William: I think they want to get it out on CD at some point. Once we go from metal to death metal, I get pickier, so this is good stuff.
Speaking of death metal, Todd said he wants to go in more of a death metal direction on his next solo album, kind of in the vein of “One By One.” Are there additional styles, you’d like to explore in your playing on his next solo album?
Craig: Absolutely. We’ve actually already written some stuff that we’re working on. I know he wanted to go in that direction. That’s not my favorite genre, but I would love to do that project with him—no problem. That would take me in a different direction. I’m always looking to step out of the box. Every musician is in some sort of a box. I think we’d have a lot of fun with that.
William: Five albums down the line, you guys are gonna be doing bagpipes and polka.
Craig: [Laughs] Yeah, we’ll be all over the place.
William: Let’s say you’re doing the second album and Todd says, “Not all these songs have to be death metal. Let’s do a song that’s not death metal. You get to choose the style and direction.” What would you want to do?
Craig: I would go back to the groove. I always love groove. To me, that’s where my heart and soul is, that roots-metal groove. “One By One” is the oddball on this record, so doing a groove song would be the same thing on a second record. So if he asked me that and I said, “Let’s go back to a groove metal song,” we would have to try to make it fit, but that’s where my heart would go.
William: So let’s say y’all are able to do a little touring on the album. If you were going to include one cover song in your set, what would you include and why?

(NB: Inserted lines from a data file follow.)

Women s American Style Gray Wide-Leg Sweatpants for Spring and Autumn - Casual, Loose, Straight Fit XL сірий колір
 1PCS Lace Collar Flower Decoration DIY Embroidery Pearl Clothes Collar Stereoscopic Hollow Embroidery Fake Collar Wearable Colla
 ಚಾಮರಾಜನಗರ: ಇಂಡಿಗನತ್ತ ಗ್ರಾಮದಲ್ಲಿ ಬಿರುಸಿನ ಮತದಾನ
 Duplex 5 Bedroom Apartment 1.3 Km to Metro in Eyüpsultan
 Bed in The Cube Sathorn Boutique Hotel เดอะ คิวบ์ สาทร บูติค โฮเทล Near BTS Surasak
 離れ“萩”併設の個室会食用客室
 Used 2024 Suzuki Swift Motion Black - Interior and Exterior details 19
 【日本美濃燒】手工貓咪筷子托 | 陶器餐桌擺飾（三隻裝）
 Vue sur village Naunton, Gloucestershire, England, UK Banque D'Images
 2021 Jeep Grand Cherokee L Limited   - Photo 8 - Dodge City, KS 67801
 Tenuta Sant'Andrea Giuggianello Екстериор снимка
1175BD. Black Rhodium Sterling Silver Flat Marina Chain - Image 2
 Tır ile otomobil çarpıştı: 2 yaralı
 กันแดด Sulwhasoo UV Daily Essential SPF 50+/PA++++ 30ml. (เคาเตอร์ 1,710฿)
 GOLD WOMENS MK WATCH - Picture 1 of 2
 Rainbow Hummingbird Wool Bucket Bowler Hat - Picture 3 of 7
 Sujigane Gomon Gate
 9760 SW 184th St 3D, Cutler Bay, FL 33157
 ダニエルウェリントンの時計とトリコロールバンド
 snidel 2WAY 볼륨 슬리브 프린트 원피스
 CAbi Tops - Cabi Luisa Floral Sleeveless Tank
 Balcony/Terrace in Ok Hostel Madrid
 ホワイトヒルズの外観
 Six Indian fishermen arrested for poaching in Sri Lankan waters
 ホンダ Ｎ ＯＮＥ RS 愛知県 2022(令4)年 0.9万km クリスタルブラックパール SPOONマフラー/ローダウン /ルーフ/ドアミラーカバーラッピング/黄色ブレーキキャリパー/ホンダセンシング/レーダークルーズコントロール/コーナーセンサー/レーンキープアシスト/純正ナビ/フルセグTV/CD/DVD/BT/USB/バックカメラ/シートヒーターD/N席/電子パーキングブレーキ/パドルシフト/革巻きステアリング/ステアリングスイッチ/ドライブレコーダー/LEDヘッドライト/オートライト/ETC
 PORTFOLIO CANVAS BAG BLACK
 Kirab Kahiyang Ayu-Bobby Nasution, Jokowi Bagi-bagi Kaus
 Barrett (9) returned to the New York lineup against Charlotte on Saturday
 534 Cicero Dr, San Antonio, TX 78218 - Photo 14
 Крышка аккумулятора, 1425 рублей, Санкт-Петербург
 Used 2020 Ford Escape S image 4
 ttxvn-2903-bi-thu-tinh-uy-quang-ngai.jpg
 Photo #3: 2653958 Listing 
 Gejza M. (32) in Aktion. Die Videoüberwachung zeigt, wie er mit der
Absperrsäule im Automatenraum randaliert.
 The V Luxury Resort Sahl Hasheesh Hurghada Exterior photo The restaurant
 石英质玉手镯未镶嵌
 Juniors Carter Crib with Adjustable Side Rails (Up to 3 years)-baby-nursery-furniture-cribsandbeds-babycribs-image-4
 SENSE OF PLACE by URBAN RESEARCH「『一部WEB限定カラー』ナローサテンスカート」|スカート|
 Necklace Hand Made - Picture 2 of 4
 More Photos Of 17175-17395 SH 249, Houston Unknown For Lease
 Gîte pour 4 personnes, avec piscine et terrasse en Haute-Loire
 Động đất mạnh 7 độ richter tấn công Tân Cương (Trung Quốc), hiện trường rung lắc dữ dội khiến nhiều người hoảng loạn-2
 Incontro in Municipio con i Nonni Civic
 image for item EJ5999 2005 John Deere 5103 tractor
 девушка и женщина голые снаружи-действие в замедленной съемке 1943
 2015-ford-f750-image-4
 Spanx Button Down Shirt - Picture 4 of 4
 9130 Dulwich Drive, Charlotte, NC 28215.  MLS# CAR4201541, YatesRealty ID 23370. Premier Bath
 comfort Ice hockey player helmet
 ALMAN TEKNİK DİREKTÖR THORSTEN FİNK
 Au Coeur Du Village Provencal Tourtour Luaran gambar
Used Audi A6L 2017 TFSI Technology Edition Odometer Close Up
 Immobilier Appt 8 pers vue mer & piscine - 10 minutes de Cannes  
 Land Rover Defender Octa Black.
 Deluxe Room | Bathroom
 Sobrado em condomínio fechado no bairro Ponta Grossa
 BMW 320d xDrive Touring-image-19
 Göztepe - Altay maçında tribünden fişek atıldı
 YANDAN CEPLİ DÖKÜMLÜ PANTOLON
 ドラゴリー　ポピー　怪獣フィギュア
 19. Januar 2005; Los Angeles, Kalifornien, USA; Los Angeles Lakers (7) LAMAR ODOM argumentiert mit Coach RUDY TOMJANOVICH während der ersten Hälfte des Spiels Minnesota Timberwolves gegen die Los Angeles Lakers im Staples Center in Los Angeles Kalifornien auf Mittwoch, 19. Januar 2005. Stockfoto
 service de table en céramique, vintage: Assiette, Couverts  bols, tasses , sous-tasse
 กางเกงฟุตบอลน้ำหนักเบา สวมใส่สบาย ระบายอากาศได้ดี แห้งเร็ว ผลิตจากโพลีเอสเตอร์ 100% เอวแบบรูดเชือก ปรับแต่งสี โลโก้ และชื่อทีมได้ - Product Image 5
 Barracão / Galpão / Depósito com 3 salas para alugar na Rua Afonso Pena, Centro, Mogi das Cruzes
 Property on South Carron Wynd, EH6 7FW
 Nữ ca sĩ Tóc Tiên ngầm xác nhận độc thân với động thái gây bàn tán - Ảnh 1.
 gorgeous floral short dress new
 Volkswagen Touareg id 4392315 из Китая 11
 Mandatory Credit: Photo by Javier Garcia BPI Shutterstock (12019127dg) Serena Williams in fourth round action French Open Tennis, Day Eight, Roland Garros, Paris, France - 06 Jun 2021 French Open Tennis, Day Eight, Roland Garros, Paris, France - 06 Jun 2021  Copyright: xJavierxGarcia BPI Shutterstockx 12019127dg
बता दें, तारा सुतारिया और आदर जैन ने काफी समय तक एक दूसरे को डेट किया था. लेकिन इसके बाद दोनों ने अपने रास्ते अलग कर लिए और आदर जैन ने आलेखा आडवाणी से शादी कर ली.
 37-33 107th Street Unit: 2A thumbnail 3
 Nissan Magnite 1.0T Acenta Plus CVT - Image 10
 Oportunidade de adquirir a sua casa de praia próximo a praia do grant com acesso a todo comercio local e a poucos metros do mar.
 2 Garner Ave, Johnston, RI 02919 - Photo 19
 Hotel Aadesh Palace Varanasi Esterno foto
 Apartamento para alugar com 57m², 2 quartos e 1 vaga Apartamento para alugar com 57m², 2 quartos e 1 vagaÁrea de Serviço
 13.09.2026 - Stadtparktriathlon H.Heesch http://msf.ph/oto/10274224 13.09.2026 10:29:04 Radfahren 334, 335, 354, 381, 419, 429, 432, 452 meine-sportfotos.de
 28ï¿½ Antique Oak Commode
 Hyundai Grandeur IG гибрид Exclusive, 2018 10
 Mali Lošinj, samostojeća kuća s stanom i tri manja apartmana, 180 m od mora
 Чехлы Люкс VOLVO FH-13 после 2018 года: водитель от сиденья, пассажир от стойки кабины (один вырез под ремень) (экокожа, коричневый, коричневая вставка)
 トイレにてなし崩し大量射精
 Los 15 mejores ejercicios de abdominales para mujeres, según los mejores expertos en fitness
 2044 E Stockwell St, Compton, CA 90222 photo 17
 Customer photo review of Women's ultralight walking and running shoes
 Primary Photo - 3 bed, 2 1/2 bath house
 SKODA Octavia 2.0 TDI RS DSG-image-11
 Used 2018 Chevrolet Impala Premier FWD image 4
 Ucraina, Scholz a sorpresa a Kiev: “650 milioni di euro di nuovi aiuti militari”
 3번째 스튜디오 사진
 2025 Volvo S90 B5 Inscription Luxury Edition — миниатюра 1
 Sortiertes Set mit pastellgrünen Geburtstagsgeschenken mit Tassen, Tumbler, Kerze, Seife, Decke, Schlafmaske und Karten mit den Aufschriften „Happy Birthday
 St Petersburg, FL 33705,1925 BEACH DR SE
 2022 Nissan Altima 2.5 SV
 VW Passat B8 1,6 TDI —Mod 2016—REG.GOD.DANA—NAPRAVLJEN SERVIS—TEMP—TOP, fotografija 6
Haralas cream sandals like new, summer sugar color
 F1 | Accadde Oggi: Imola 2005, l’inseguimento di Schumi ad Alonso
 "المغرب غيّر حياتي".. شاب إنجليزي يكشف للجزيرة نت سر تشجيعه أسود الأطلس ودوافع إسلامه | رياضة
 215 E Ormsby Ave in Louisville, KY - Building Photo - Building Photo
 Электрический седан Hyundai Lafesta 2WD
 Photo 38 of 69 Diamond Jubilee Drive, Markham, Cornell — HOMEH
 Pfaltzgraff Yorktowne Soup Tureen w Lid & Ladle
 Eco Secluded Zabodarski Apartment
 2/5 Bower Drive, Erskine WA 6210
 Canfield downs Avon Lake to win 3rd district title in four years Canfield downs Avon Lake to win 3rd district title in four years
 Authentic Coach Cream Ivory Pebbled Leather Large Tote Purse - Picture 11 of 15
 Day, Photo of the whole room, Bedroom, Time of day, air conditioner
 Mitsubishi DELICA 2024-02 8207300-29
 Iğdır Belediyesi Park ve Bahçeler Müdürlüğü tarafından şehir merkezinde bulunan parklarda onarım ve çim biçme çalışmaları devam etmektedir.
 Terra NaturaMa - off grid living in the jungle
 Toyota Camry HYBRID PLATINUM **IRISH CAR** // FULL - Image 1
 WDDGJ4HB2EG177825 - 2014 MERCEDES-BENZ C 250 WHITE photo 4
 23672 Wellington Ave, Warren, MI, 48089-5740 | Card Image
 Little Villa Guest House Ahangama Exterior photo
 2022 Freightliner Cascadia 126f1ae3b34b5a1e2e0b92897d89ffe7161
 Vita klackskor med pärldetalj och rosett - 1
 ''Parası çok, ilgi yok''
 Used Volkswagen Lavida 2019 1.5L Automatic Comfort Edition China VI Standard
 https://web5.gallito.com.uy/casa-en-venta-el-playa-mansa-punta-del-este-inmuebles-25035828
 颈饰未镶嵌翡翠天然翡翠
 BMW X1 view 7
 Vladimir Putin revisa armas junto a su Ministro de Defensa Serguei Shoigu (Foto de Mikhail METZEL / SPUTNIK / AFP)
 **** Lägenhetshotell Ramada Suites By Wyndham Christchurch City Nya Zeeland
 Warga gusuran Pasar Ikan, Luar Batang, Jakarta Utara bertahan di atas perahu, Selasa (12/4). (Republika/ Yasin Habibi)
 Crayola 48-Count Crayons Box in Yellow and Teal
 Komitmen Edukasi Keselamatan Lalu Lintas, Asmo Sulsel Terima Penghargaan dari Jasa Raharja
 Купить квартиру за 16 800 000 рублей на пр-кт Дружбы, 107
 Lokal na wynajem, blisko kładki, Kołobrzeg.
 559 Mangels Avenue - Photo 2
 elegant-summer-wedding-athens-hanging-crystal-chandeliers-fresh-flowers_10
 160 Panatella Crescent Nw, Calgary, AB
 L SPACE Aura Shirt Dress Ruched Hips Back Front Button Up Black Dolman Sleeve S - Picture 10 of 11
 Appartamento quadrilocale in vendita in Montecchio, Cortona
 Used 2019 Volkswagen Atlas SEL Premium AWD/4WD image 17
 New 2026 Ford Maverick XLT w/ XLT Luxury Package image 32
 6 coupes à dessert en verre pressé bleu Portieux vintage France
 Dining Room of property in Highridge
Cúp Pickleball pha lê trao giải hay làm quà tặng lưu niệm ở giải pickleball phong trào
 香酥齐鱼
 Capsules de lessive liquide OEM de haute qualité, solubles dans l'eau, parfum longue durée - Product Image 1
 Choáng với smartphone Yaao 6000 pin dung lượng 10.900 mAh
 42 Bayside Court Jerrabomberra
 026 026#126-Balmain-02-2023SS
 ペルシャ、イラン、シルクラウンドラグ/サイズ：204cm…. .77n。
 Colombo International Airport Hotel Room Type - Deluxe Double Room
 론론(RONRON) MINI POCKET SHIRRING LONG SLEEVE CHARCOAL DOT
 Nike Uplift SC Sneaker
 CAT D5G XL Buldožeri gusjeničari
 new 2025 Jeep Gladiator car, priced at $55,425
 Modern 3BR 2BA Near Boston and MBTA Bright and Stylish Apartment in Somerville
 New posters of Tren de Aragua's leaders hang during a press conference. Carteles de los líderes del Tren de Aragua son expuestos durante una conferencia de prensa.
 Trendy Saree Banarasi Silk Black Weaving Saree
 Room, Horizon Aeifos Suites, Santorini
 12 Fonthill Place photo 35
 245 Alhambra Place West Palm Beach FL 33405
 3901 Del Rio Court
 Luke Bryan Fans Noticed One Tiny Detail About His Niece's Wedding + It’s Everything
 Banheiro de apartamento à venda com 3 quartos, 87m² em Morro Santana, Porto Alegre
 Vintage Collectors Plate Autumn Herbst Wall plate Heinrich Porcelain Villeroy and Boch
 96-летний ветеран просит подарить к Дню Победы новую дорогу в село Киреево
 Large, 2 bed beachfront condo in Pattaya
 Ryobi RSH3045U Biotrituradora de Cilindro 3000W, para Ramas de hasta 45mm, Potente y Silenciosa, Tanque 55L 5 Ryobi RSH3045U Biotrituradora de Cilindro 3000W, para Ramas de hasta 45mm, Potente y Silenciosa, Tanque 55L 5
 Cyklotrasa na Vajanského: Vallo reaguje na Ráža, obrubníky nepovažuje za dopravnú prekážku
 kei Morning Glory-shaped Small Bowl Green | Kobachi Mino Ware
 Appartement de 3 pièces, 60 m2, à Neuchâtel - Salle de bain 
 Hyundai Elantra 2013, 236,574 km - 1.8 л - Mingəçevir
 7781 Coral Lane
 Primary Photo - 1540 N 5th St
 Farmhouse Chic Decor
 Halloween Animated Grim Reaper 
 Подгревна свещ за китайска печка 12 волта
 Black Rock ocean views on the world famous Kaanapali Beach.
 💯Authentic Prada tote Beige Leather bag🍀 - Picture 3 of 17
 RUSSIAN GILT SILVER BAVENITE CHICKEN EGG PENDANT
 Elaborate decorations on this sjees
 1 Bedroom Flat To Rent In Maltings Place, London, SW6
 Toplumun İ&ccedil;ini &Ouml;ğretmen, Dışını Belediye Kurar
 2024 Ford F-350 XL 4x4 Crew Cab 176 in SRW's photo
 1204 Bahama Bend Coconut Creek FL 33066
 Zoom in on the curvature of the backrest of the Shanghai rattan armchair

Craig: OOOOOOO! That’s a good one. Oh, man. Let’s see . . . . That’s a tough one. It might end up being a Pantera song or something to kick the audience in the teeth a little bit, surprise them a little bit. It would definitely be in that range. Pantera, maybe. I don’t know. That’s a good question. I don’t have an answer for it.
William: Well, I’m just going to throw this out there. Todd could really do “Cemetery Gates” justice. “Becoming” is a real get-you-going, pump-you-up track. I’d love to hear “Over the Mountain.” It’s got my favorite Randy Rhoads solo.
Craig: Oh, yep. That’s a great one. You know what? You just triggered one for me—“Believer.” I love Zakk Wylde’s version of that when they do that song live. “Believer” would be a really good tune to do live like that. Diary of a Madman is one of my favorite Ozzy albums of all time. I used to have the vinyl of that. I took the album jacket and pinned it to my wall and put the vinyl in another sleeve because I loved the picture. I’ve always loved that album cover.
William: Diary of a Madman has some great stuff. A lot of that early Ozzy stuff is so solid. You mentioned Jake E. Lee and it seems to me that Ultimate Sin and Bark at the Moon—especially Bark at the Moon—don’t get mentioned as much in Ozzy’s catalog as maybe they should, but to me Bark at the Moon is a great album.
Craig: Yeah, absolutely,
William: If I went into a bar and ordered a “Craig Blackwell,” what ingredients would the bartender put in the drink?
Craig: You know what that would be? That would be a variant of a Long Island Iced Tea. [Laughs]
William: Thank you so much for talking with me.
Craig: You’re welcome. Sounds good, buddy, and we can do this anytime.
William: That’s good to know. I want to talk with you about your future projects.
Craig: Keep in touch. You got my number. Like I said, any time.